# INPUT
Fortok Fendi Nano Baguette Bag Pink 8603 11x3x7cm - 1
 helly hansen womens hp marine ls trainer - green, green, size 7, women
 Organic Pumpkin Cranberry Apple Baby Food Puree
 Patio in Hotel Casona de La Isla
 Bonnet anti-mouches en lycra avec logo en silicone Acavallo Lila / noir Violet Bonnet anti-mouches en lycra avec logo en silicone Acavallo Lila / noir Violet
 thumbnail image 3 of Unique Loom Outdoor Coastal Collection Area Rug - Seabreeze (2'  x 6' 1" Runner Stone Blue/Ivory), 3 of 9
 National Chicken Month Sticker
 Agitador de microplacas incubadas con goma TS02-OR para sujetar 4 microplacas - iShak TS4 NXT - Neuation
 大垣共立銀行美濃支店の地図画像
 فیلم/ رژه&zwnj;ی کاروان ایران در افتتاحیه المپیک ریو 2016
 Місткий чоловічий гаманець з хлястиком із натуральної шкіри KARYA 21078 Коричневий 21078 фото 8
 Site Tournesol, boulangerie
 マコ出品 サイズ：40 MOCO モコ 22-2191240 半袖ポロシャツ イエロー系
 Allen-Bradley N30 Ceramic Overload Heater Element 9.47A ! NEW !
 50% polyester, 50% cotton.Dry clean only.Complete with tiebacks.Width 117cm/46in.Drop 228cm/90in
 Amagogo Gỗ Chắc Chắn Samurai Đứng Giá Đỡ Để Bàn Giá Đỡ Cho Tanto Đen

# PROBLEM TO WORK ON
Please give back exactly the lines of the listing above that run from the one containing "National Chicken Month Sticker" through the one containing "マコ出品 サイズ：40 MOCO モコ 22-2191240 半袖ポロシャツ イエロー系", and only those.

# EXERCISE SOLUTION
 National Chicken Month Sticker
 Agitador de microplacas incubadas con goma TS02-OR para sujetar 4 microplacas - iShak TS4 NXT - Neuation
 大垣共立銀行美濃支店の地図画像
 فیلم/ رژه&zwnj;ی کاروان ایران در افتتاحیه المپیک ریو 2016
 Місткий чоловічий гаманець з хлястиком із натуральної шкіри KARYA 21078 Коричневий 21078 фото 8
 Site Tournesol, boulangerie
 マコ出品 サイズ：40 MOCO モコ 22-2191240 半袖ポロシャツ イエロー系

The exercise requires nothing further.